Information shown:

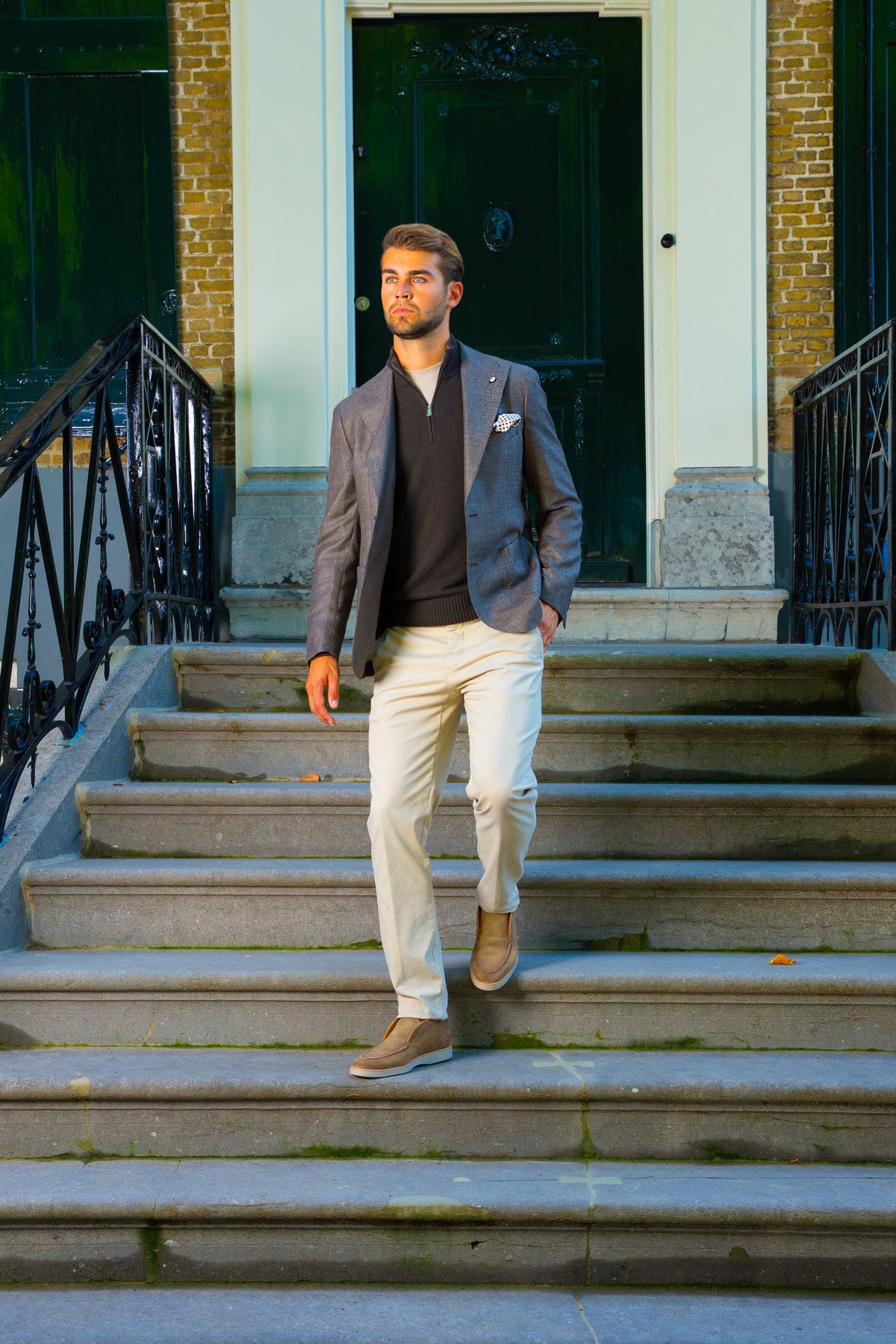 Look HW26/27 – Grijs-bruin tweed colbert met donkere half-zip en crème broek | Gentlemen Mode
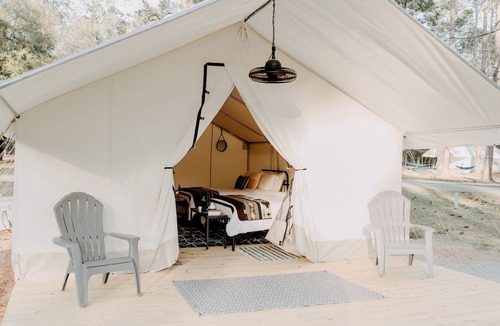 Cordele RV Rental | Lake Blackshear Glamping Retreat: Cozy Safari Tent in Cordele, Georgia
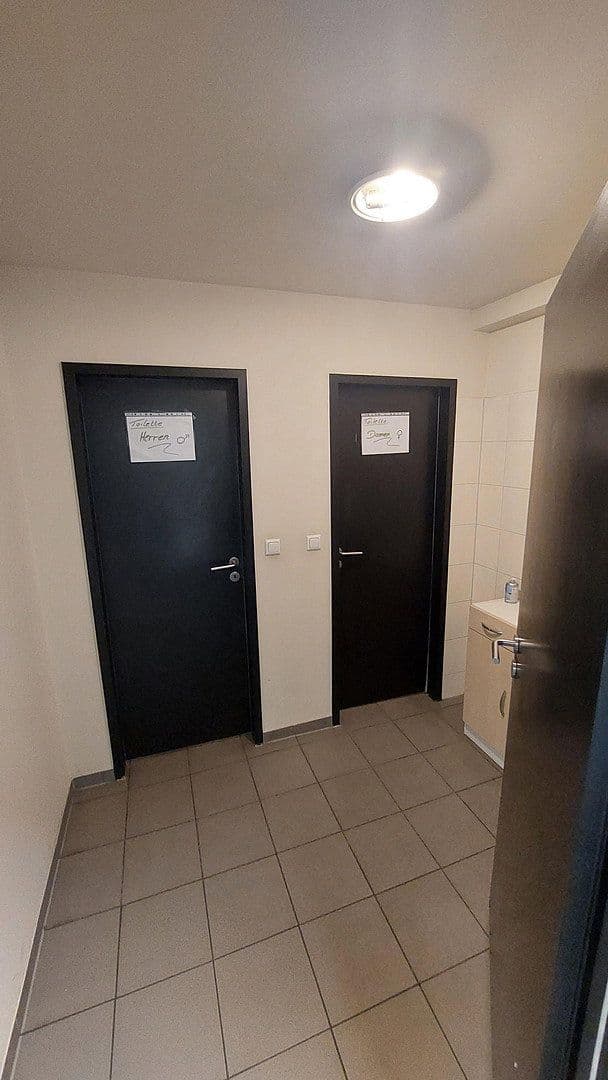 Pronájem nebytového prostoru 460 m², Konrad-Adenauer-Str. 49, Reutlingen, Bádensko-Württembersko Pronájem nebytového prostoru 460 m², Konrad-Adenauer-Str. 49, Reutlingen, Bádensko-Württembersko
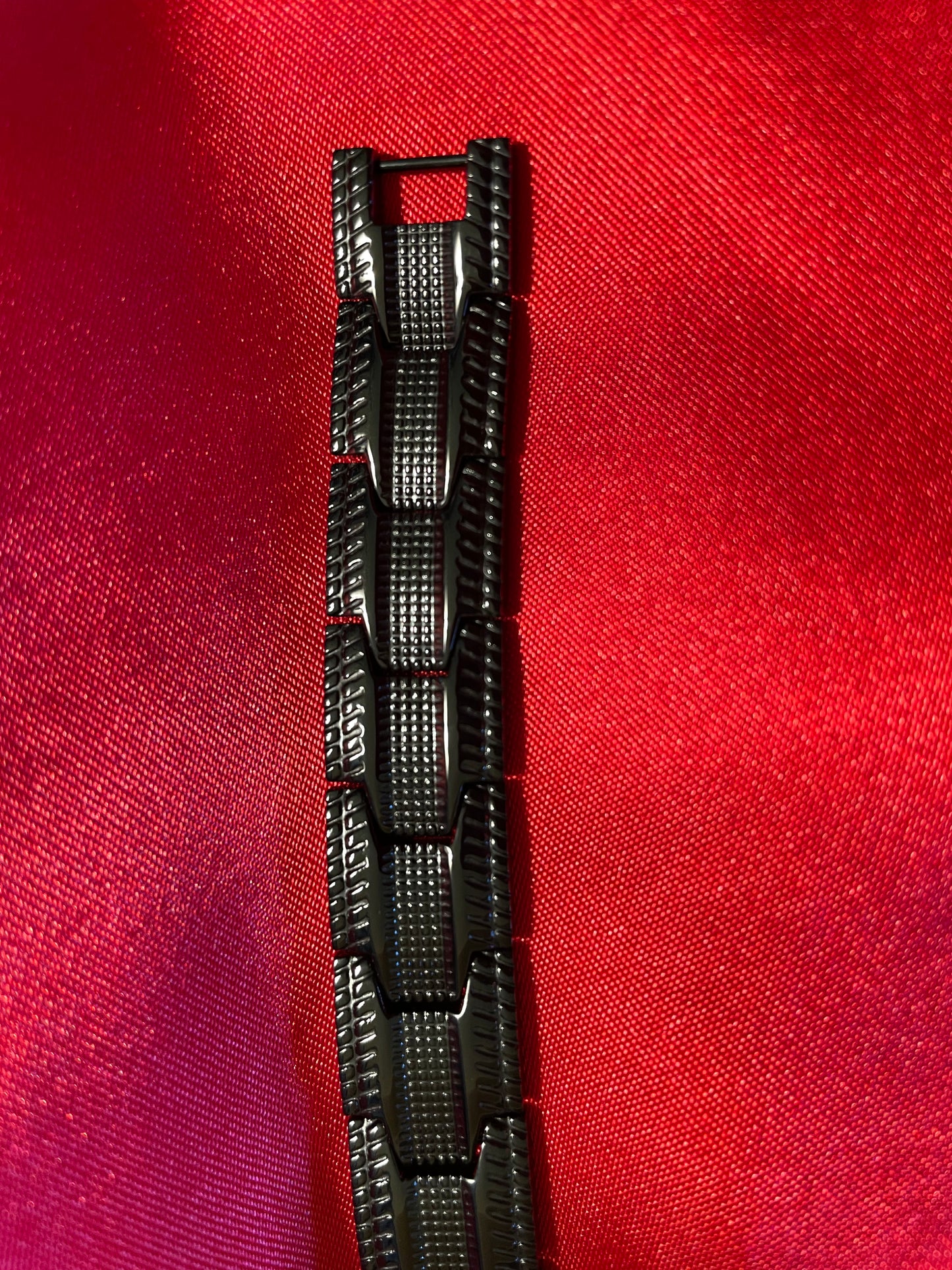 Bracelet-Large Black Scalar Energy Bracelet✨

What the task requires:
The lines to be extracted begin at the line containing "Reutlingen, Bádensko-Württembersko Pronájem" and continue through the final line of the material above, both ends included. Reproduce them exactly, without the pictures.

Expected output:
 Pronájem nebytového prostoru 460 m², Konrad-Adenauer-Str. 49, Reutlingen, Bádensko-Württembersko Pronájem nebytového prostoru 460 m², Konrad-Adenauer-Str. 49, Reutlingen, Bádensko-Württembersko
 Bracelet-Large Black Scalar Energy Bracelet✨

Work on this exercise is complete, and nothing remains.